** Opening INFORMATION GIVEN block **

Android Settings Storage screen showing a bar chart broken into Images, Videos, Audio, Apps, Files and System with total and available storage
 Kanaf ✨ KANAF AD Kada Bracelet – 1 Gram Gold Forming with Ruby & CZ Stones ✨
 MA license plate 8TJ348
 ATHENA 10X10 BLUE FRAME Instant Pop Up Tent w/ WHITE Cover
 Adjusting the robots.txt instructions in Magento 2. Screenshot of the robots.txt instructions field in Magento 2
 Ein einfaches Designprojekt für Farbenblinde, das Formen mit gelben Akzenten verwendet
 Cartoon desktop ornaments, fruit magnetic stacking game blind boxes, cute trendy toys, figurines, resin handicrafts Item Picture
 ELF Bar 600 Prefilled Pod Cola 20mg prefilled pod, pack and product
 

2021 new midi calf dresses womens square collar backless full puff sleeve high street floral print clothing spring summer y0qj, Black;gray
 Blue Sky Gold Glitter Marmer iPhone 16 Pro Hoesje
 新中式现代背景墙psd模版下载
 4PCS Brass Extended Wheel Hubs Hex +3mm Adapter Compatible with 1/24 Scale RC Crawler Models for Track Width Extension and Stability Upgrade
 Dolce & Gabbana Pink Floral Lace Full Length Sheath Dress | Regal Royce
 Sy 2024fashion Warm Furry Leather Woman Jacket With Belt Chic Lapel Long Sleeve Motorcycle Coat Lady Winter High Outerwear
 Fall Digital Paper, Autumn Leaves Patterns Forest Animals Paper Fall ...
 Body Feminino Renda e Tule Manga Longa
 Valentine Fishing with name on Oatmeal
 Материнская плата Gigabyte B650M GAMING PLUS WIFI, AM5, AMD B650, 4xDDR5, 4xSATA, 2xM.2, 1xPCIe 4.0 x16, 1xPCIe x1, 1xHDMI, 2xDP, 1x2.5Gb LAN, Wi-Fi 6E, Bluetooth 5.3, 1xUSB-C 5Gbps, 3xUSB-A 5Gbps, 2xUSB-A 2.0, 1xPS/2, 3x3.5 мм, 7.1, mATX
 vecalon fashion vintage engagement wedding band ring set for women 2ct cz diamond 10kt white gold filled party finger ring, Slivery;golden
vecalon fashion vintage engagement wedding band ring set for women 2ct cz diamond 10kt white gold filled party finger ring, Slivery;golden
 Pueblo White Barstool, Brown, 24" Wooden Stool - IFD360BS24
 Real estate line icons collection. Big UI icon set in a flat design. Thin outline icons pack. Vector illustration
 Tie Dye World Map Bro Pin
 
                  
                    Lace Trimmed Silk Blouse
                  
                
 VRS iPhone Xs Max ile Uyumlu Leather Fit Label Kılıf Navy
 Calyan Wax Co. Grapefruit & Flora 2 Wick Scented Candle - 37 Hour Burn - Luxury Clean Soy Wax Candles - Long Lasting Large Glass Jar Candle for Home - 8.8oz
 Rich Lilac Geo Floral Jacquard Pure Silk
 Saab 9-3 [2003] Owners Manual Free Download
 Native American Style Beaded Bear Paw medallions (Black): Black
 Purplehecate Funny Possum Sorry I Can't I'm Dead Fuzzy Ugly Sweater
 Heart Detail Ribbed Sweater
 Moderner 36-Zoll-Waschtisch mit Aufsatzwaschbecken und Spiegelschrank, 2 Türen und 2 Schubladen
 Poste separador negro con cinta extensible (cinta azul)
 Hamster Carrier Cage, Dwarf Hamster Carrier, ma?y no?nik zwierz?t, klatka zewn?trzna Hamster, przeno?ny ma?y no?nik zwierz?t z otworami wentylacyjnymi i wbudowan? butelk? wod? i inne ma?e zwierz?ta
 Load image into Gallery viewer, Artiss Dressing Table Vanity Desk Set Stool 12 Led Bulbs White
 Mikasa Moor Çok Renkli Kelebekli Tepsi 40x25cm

** Closing INFORMATION GIVEN block **

THE PROBLEM: Filter the entries down to the lines that include the string "into".

OUTPUT FOR THIS EXERCISE:
Android Settings Storage screen showing a bar chart broken into Images, Videos, Audio, Apps, Files and System with total and available storage
 Load image into Gallery viewer, Artiss Dressing Table Vanity Desk Set Stool 12 Led Bulbs White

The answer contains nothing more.